Filmmaker Rob Marshall has spent a long time thinking about “The Little Mermaid.” Nearly five years, to be exact. When speaking to the Oscar-winning director about the 20th anniversary of “Chicago” (and a new deluxe home video release), he offered an update on his live-action redo of the 1989 Disney animated film, due in theaters this May. “I’m very excited to be finishing up after four-and-a-half years,” Marshall said. “It’s a long time.”
Marshall’s version of “The Little Mermaid” stars Halle Bailey in the title role of Ariel, with Jonah Hauer-King as Prince Eric, Melissa McCarthy as Ursula and Javier Bardem as King Triton, with Daveed Diggs voicing Sebastian, Jacob Tremblay voicing Flounder and Awkwafina voicing Scuttle.

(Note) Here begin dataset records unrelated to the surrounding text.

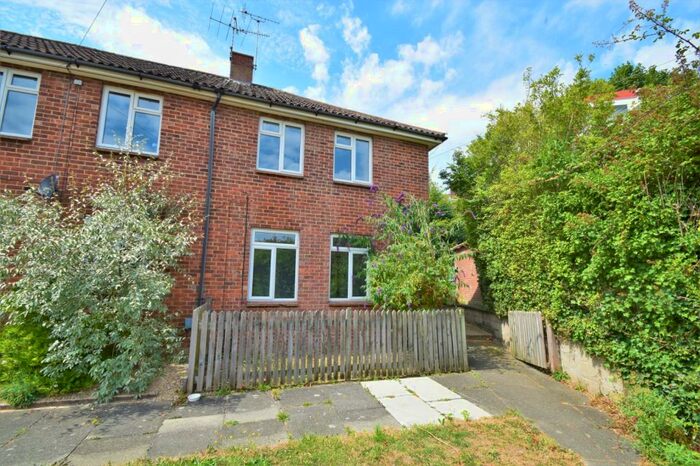 5 Bedroom End Of Terrace House To Rent In Stanmore, SO22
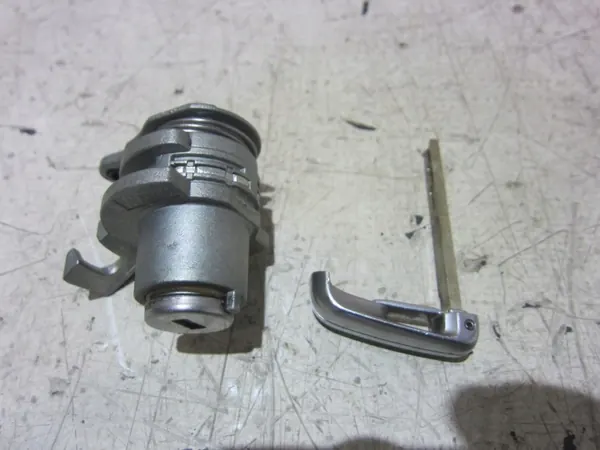 BMW Lukkosylinteri OEM 51217497223 avaimella image 7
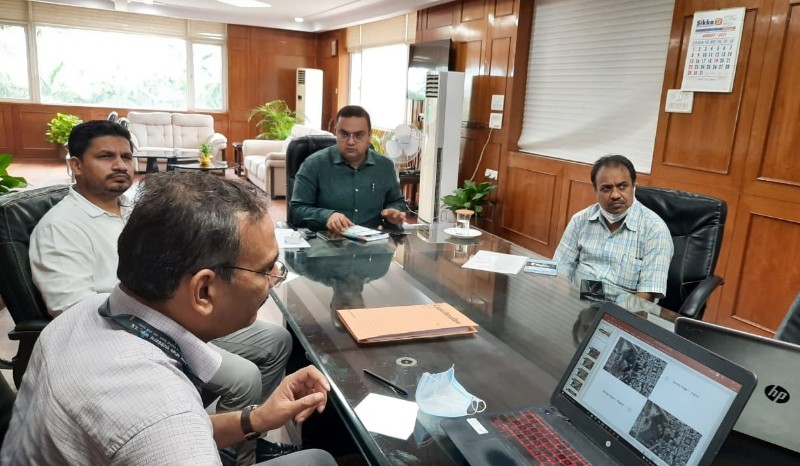 एलडीएअक्षय त्रिपाठी के समक्ष रिमोट सेंसिंग एप्लीकेशन सेन्टर के वैज्ञानिकों ने दिया प्रेजेन्टेशन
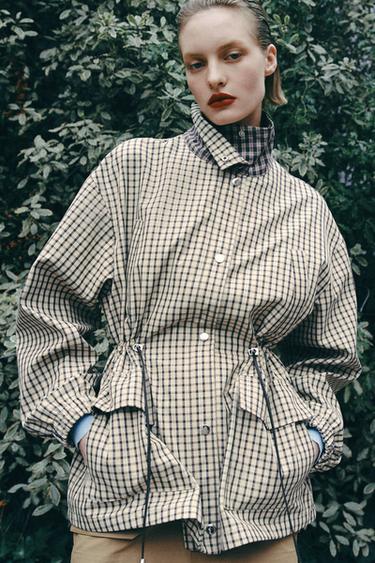 Zara {名称} - {颜色}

The first footage from the film, which features new songs from Lin-Manuel Miranda and original composer Alan Menken, was screened at last year’s D23 Expo to a rapturous response.
“I’m very proud of the film. It’s the most challenging film I’ve ever done, for sure. No question,” Marshall said. “Using complicated, cutting-edge techniques to make this work. I don’t think anybody’s ever done an underwater musical before. I have to say every single moment of the film had to be choreographed in advance so that we could have a flow to the whole piece. It’s crazy the apparatuses we worked with from wires to things called tuning forks to teeter-totters. Thank God we had the rehearsal time. You always need it on a musical anyway.”
Marshall said that on the “big, massive musical number” for “Under the Sea,” “there’s one live-action person in that piece.” Yowza. “But I did a lot of work in advance with John DeLuca and myself creating these musical sequences, to prep it in advance from storyboards to something called pre-visualization, which is almost like a little mini animated film, so we know how it flowed and how it worked. The prep on this film was insane.”
But don’t worry. Marshall said, “The post has been insane too.” And it’s easy to forget the scale of movies Marshall has worked on, since after “Chicago” he tackled complicated monstrosities like Disney’s “Into the Woods,” “Pirates of the Caribbean: On Stranger Tides” and “Mary Poppins Returns.”
“You are creating a world, you’re creating creatures, but it’s very important to me that it feels real – you have to believe, you have to care about them, you have to follow their journey,” Marshall said. “And you shouldn’t be aware. When you see it, I hope you don’t see any of what I just described. You should just believe it’s all happening and it should look easy and seamless, which is the goal.”
“The Little Mermaid” opens exclusively in theaters on May 26.